The main themes from the slow movements of these works will serve as intermediary stages in the discussion of melodic complexity and aesthetic affect. In both, clearly separated phrases develop subtle motivic variations that create relatively simple conflicts between high and low levels. Melodic dissonance in the slow movement of the Piano Concerto creates a richness and complexity greater than that found in the slow movement of the Violin Concerto. In the most complex melody to be discussed in this study, that of the first movement of the Violin Concerto, all structural hierarchies engage in an elaborate intra- and inter-level dialogue, interlocking with one another to seam an exquisite eleven-bar phrase.

Piano Concerto, First Movement, measures 19 -27.

Over the course of this melody, hierarchical levels diminish in number and complexity (Example 1). The initial angular leaps, contramodal dissonances on stressed beats, and the unusual syncopation of the structural tones create intense excitement in the first four bars (mm. 19-22). The second part of the melody (mm. 23-24) is calmer because the melodic structures are simpler. Measures 25-27, the third section of the melody, are nearly "flat" (i.e. they have very few transformational tones and create only two levels).

The main motive (a descending arpeggio) fights the meter with syncopation, thus shifting the transformational tones to weak beats (Example 2). Note the fortissimo entrance of the violins off the beat in measure 19, the metrically enveloping process [P]5, the sudden reversal [R] on the downbeat of measure 22 (see middle level), and the resolutions of the dyads [7] off the beat in measures 20 and 22 (see again Example 1).




                         Example 1: Piano Concerto, first Movement, measures 19-28, Piu mosso, q = 96.

"Plano Concerto" by Samuel Barber copyright 1962 (Renewed) by G. Schirmer, Inc.

Example 2: Middle-level analysis

This phrase syncopates on a lower rhythmic level as well. Note the [bl a b2 a] that groups the falling arpeggios into three eighths. This conflict between motive and meter and the ensuing deformation of the congruence between structural tones and meter are aesthetically pleasing for their unpredictability and freshness. The motive/meter conflict continues through measures 21 and 22, disappears in the second part of the melody mm. 23-24), then reappears briefly in the third and final part (mm. 25-27). In this respect, and in many others to be discussed below, the three parts are dissimilar.

This comparison illustrates the compositional plan of the theme: the gradual abatement of complexity. Both low and high level structures and registral differentiation underscore the disparity between the three parts of this melody. Note that the first part consists of a four-bar phrase (or two two-bar subphrases connected by an underlapping a1b a1 ..., the second part is a two-bar phrase united by an upper-level process [P]; the final part contains three short one-bar phrases unconnected on the high level. Thus the phrases grow progressively shorter and more independent.

On the low level, Barber's strategy in handling complexity is different.
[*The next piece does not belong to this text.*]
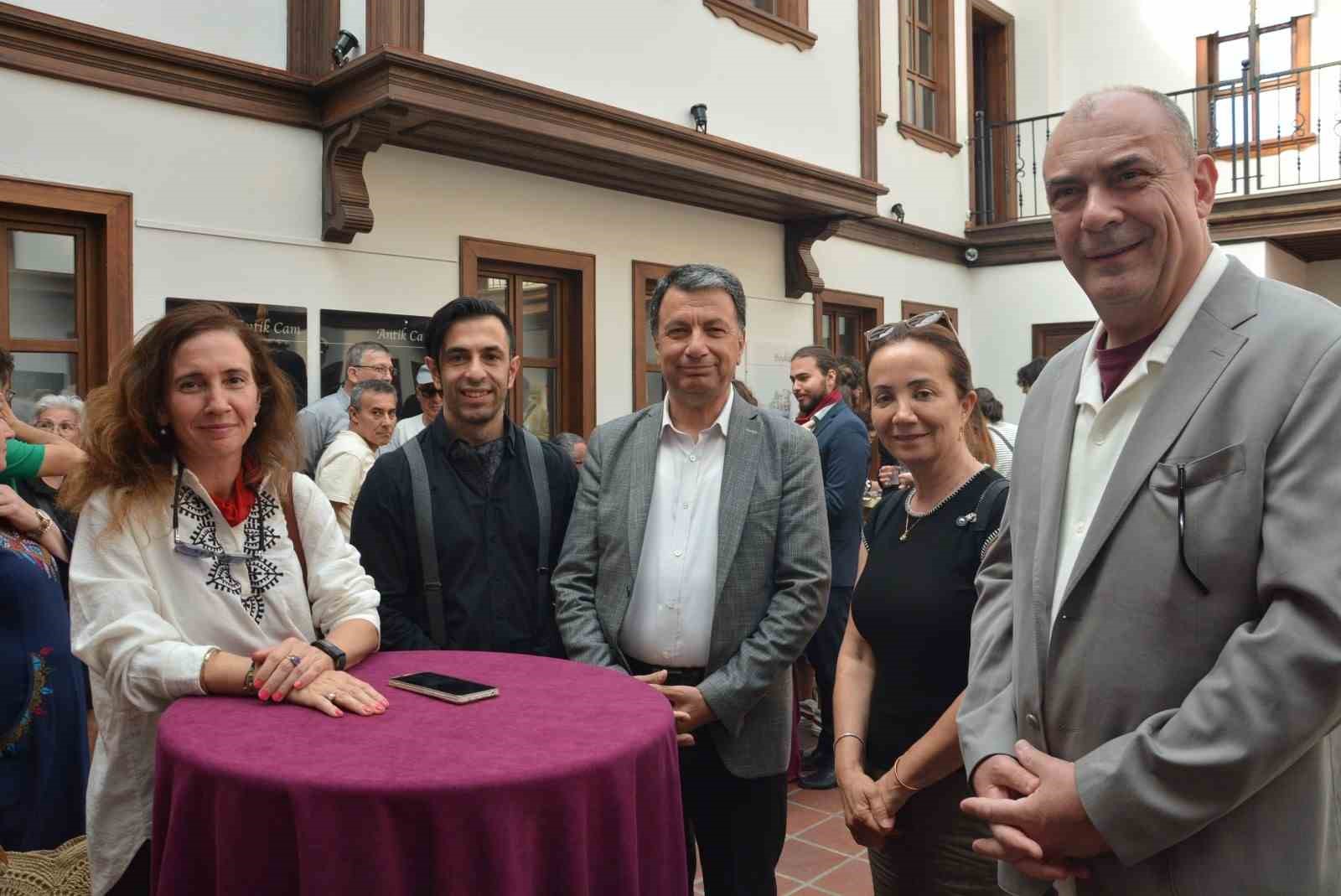 &rsquo;Ateş Kadınlar&rsquo; sergisi sanatseverlerle buluştu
The opening string (mm. 19-20), P-RP(VR)-7, indicates that intricacy lies in the middle of the phrase. The simplicity of the opening process [P] and the closing dyad [7] is integral. These structures facilitate the motion into and out of the chain [RP(VR)], by initiating and terminating the underlapping a b a bl a b2 structure. In fact, the high B is also the initial and terminal note of the high-level I. ID (another a b a, see again Example 2), join the three lower-level structures on a single higher level. Thus the B that initiates the opening process and the B that initiates the closing dyad anchor the first phrase.

The same pitch, B, becomes the point of departure for the second phrase. As in the first phrase, this structure - [embedded VP-P]-7 - is simple in the beginning and end, and complex (i.e. multi-leveled) in the middle. The dyad [7] is marked with (i, os) because: 1) the B is the resolution of the dissonant A# , 2) it duplicates the structure Barber uses to close the previous phrase, and 3) it is the completion of an underlapping process that spans measures 19-22 (D#  D C# C B).6

The subtle difference between the descending resolutions of the dyads [7] illustrates the aesthetically affective conflict between embodied yet suppressed low-level implication and larger-scale patterning on the high level. The dyad [7] in measure 20 is stylistically prospective, thus of little surprise, because of the a b a ...  patterning which "teaches" the listener to expect descent from the B. In contrast, the dyad [7] in measure 22 is both prospective and retrospective. As the terminal pitch in a registral process [VP] initiated by D# and A# on the highest level, the B is prospective in terms of registral direction and partially prospective in terms of intervallic size. The denial of interval - large instead of small - is made partially prospective by the underlapping process from measure 19 that implies the specific pitch, B, as well as its register.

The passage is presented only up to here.